EXERCISE AIM: For the entries below, the expected answer is the line with "A man with dark", the line with "A gray knit", and every line between them, exactly as written, and nothing more.

MATERIAL PROVIDED:
★ ★ ★ ★ ★
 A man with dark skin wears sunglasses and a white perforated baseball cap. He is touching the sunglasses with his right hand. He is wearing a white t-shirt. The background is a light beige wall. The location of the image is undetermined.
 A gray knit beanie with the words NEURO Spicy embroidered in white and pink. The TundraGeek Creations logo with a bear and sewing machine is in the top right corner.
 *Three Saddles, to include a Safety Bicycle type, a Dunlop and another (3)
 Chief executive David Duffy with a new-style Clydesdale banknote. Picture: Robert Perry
★ ★ ★ ★ ★
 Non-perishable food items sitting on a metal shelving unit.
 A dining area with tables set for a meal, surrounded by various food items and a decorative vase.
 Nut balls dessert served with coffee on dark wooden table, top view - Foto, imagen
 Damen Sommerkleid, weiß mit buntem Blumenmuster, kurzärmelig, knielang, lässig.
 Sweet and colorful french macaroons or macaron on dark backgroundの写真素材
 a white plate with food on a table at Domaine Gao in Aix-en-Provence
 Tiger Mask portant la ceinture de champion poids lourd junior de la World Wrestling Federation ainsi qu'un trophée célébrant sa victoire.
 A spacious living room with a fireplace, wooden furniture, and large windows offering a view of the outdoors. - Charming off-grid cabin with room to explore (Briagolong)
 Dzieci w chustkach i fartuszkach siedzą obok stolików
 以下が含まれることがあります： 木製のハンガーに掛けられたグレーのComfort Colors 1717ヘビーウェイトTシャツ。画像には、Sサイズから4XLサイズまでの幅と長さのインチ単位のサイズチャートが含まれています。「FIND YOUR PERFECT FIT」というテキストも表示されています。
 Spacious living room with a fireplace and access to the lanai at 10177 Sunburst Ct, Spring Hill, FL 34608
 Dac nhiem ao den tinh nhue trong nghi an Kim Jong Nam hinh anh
★ ★ ★ ★ ★
EXERCISE SOLUTION:
 A man with dark skin wears sunglasses and a white perforated baseball cap. He is touching the sunglasses with his right hand. He is wearing a white t-shirt. The background is a light beige wall. The location of the image is undetermined.
 A gray knit beanie with the words NEURO Spicy embroidered in white and pink. The TundraGeek Creations logo with a bear and sewing machine is in the top right corner.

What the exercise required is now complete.